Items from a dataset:
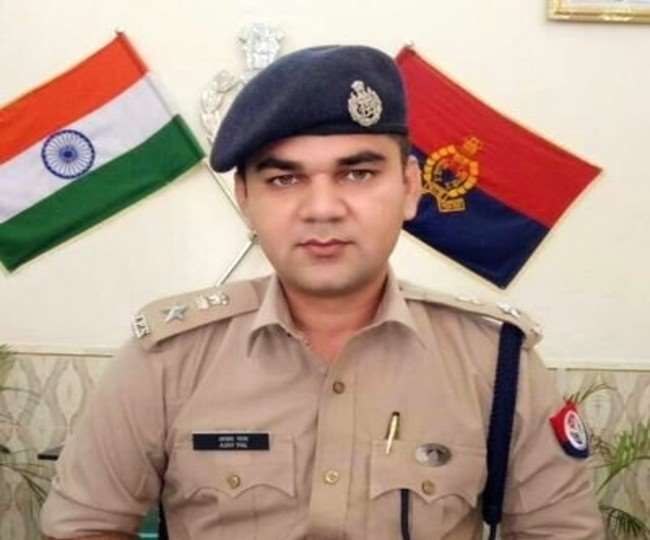 आईपीएस डॉ. अजय पाल शर्मा के खिलाफ महिला ने लखनऊ में दर्ज कराया केस, खुद को बताया पत्नी
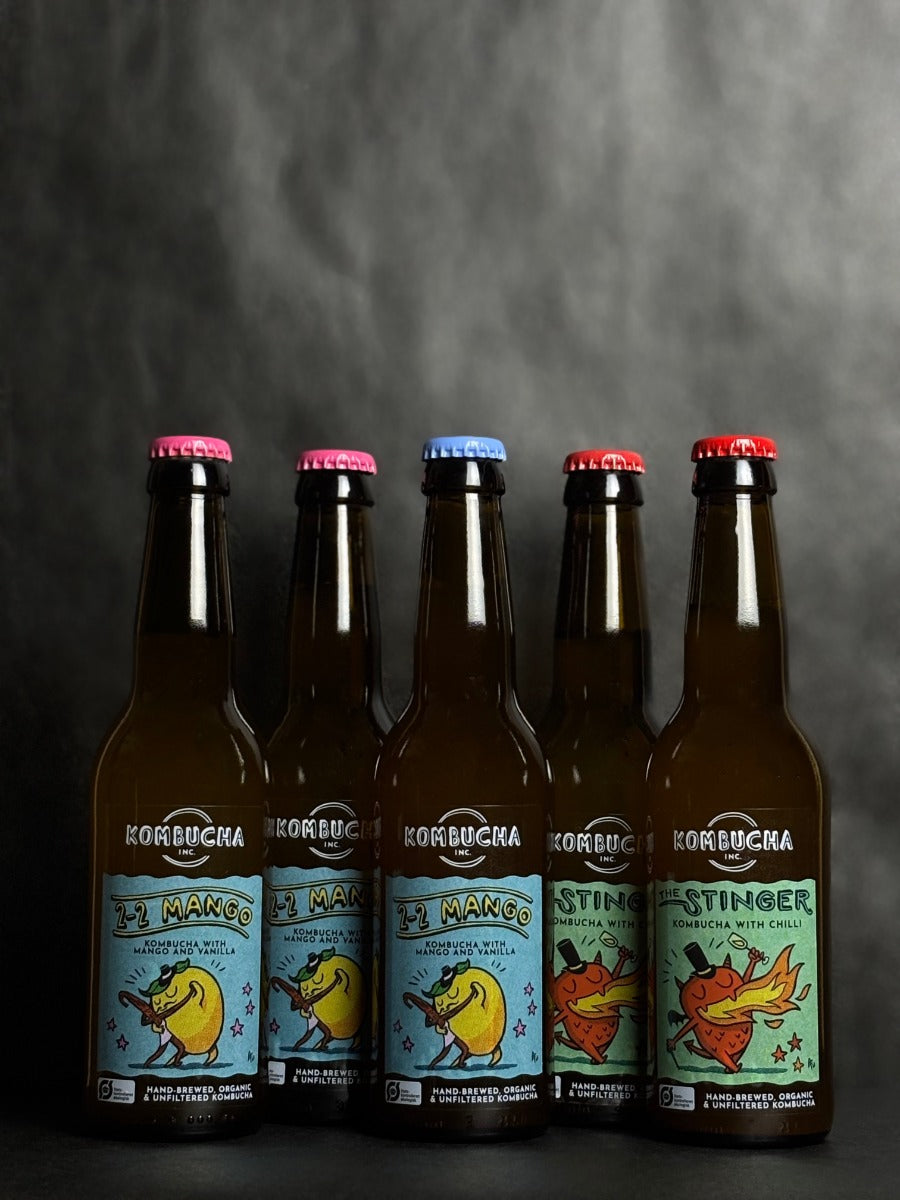 Fem flaskor från Kombucha Inc. med olika varianter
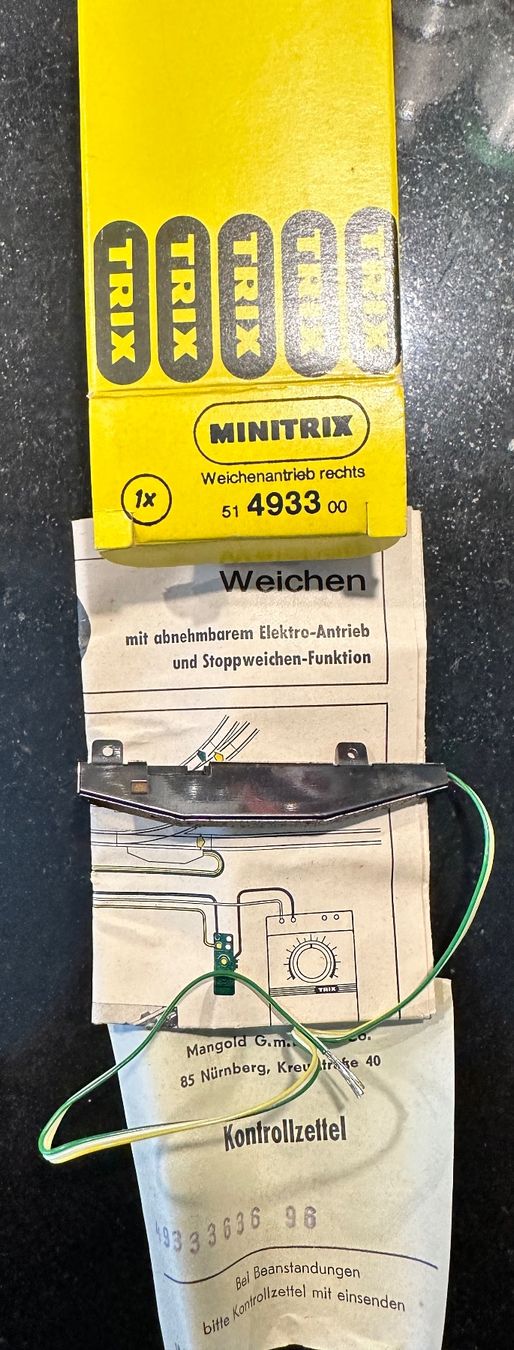 Trix Modellini di ferrovie: Minitrix 4933 Weichenantrieb rechts – Nuovo e nell'imballaggio originale da Burgdorf venduto da Gedora 2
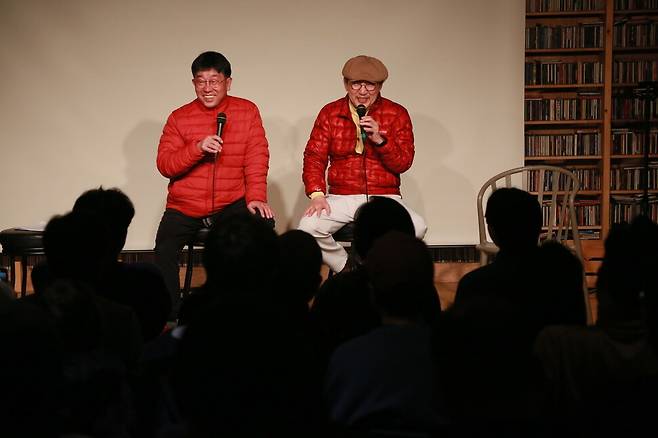 지난 27일 서울 마포구 벨로주 망원에서 열린 북토크 ‘한국 대중음악의 판을 바꾼 전설, 최성원과의 만남’에서 들국화 멤버 최성원이 이야기를 하고 있다. 한국 팝의 고고학 제공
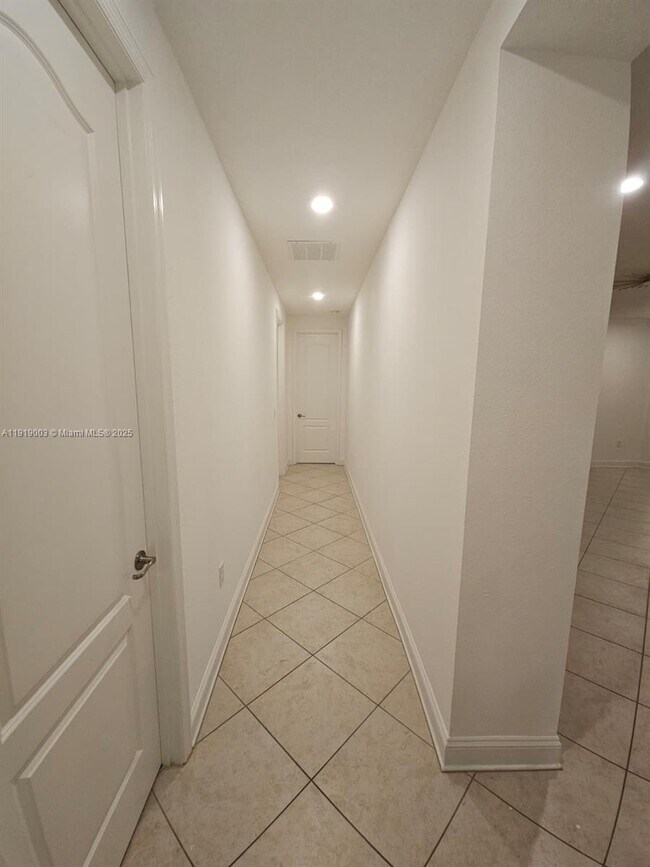 Building Photo - 174 Antilles Rd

- _About this task_: Keeping every word as it is, write out all the data and omit the pictures.

- _Problem solution_:
 आईपीएस डॉ. अजय पाल शर्मा के खिलाफ महिला ने लखनऊ में दर्ज कराया केस, खुद को बताया पत्नी
 Fem flaskor från Kombucha Inc. med olika varianter
 Trix Modellini di ferrovie: Minitrix 4933 Weichenantrieb rechts – Nuovo e nell'imballaggio originale da Burgdorf venduto da Gedora 2
 지난 27일 서울 마포구 벨로주 망원에서 열린 북토크 ‘한국 대중음악의 판을 바꾼 전설, 최성원과의 만남’에서 들국화 멤버 최성원이 이야기를 하고 있다. 한국 팝의 고고학 제공
 Building Photo - 174 Antilles Rd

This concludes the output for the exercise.